Publié le 08 janvier 2013 par Bizz
Vous ai-je déjà parlé du coup de chance que j'ai eu, il y a un peu plus de 2 ans? À l'époque, je cherchais en vain une garderie correspondant à mes horaires atypiques et saisonniers. J'avais été traumatisée, et Bébé fille aussi, par une première expérience qui s'était avérée désastreuse. Une connaissance m'avait alors référée à l'éducatrice s'occupant de ses deux filles.
Mon coup de chance, ce fût cette éducatrice: Ghislaine.
Ghislaine avait l'âge de la retraite ou presque. D'ailleurs, son mari avait lui-même pris sa retraite. Une chouette garderie, dans un milieu chaleureux et familial, je n'aurais pu rêver mieux.
Ghislaine, c'était l'éducatrice idéale: pleine d'une tendresse unique, d'une douceur incomparable, d'une patience infinie. Vous savez, ce genre de femme à qui l'on confie nos enfants les yeux fermés. Elle connaissait bien chacun des enfants sous sa garde, leurs forces et leurs faiblesses, leur capacité d'apprentissage, leurs limites. Ensemble, elle et moi, nous éduquions Bébé fille, puis Bébé fiston quand ce fût son tour. Nous avions des méthodes différentes, mais nous discutions régulièrement ensemble pour s'assurer que nos buts étaient les mêmes. Nous franchissions ensemble les étapes, dans le respect mutuel des pratiques de l'autre. Jamais je n'ai eu la désagréable impression de «parker» mes enfants à la garderie pour aller travailler. Non. Ghislaine faisait partie de notre routine familiale.
Au fil des mois, j'ai aussi appris à connaître son mari, Jules. La même tendresse l'habitait. Un homme travaillant, doux, sympathique. Quand j'allais porter ou chercher les enfants, je rigolais avec lui, sur tout et sur rien. Il avait toujours le mot pour rire, pour taquiner les enfants. J'avais envers lui la même confiance absolue.
Mes enfants les aimaient. Ils aimaient mes enfants. Et moi, j'aimais beaucoup Ghislaine et Jules.
Au début de l'été, Ghislaine m'a annoncé qu'elle fermait sa garderie. Elle voulait le faire depuis des années. Après avoir passé tant d'années à prendre soin des enfants des autres, il était temps pour Ghislaine de prendre soin d'elle, de son mari, de ses enfants et petits-enfants. J'ai eu un choc. Suivi d'une crise d'hyperventilation. Nah. J'exagère. J'ai eu un bref instant de panique, certes, mais j'étais heureuse pour Ghislaine qu'elle prenne enfin du temps pour elle.
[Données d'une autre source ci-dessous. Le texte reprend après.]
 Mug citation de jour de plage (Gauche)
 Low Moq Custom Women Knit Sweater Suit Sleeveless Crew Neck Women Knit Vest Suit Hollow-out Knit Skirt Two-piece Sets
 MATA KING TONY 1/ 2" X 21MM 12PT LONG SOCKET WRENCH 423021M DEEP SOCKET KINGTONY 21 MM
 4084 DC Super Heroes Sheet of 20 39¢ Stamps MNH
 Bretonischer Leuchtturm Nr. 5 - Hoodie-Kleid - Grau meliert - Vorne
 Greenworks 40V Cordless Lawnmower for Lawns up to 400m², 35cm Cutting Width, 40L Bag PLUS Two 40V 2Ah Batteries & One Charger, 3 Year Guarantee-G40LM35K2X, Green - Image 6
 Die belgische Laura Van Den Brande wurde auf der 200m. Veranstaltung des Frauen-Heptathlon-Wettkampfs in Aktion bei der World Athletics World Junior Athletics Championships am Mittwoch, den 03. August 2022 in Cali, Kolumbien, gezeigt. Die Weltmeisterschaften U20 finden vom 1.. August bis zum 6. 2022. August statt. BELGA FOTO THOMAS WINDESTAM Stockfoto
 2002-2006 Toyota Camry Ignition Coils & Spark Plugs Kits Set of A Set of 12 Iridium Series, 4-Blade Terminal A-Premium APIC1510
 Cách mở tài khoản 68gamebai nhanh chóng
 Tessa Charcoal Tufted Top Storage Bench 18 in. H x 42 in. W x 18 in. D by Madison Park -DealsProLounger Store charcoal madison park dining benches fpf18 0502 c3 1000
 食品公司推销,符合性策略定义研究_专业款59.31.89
Les mois ont passé et à la fin de l'été, mes enfants ont dit un dernier aurevoir à Ghislaine, qui s'est empressée de me dire de passer faire un tour quand bon me semblerait. Sur le chemin du retour, j'ai pleuré discrètement, ce qui a bien fait rigoler l'amoureux quand je lui ai raconté les adieux, plus tard dans la soirée.
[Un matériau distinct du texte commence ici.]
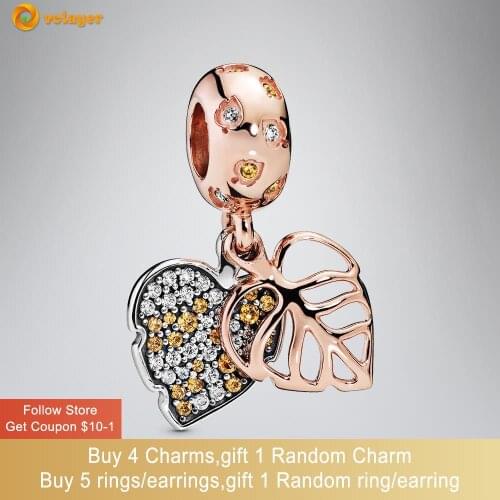 Volayer 925 Sterling Silver Beads Sparkling Leaves Dangle Charms fit Original Pandora Bracelets for Women Jewelry Making Gift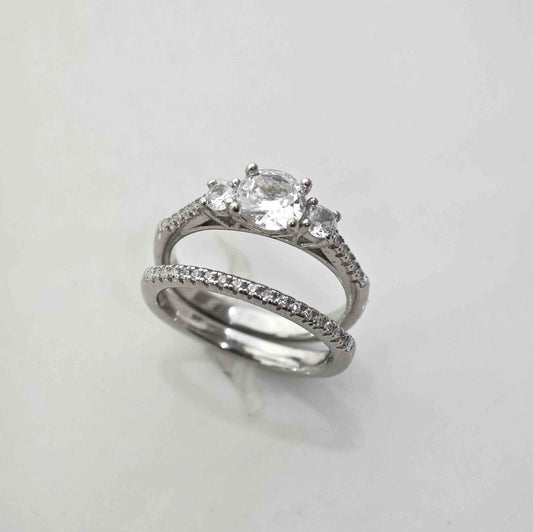 Anillo de Plata925 Dos Juntos Un Solitario Y Un Medio Sintillo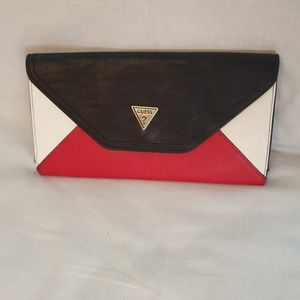Guess Clutch in Red, White & Black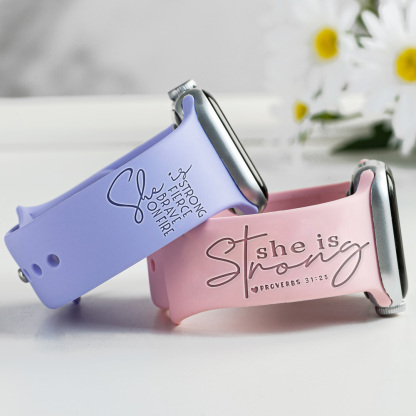 She Is Strong Fierce Brave On Fire Engraved Watch Band for Apple, Fitbit and Samsung
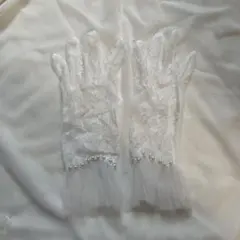 レース　ショート　グローブ 手袋 結婚式　ドレス シースルー　パール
Les semaines ont passé, mes enfants ont appris à connaître une nouvelle éducatrice (toute jeune et géniale elle aussi, en passant). Ghislaine ne faisant plus partie de la routine, il était difficile de trouver du temps pour aller la voir.
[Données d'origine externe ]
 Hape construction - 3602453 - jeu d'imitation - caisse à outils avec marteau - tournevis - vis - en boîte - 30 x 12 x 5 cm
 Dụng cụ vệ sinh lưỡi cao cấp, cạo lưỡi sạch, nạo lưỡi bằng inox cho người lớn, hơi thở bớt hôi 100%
Un soir, l'amoureux est revenu du travail, un regard triste au visage. J'ai pleuré quand il m'a raconté pourquoi. Jules était à l'hôpital. Quelques semaines après la fermeture de la garderie, on lui avait découvert une tumeur au cerveau. J'ai trouvé la vie chienne en sacrament.
«Hey, pouffiasse de vie, c'était vraiment nécessaire, ça?»

*****   Aujourd'hui, je suis allée cogner chez Ghislaine et Jules. Jules était seul. Il avait la moitié du crâne rasée, là où ils ont opéré. Il balbutiait pour m'expliquer qu'à cause de sa tumeur et de l'opération, il avait beaucoup de difficulté à parler. Il avait les yeux plein d'eau. Et moi, j'avais cette boule énorme au ventre, cette envie furieuse de crier que c'était injuste, que j'avais tellement de peine pour lui, pour Ghislaine.   Je me suis contentée de retenir mes larmes violemment, de lui demander s'il avait passé de belles fêtes, si le moral tenait bon malgré tout.   Il a dit «Non».   Je n'ai pas su quoi répondre. Je suis nulle comme ça.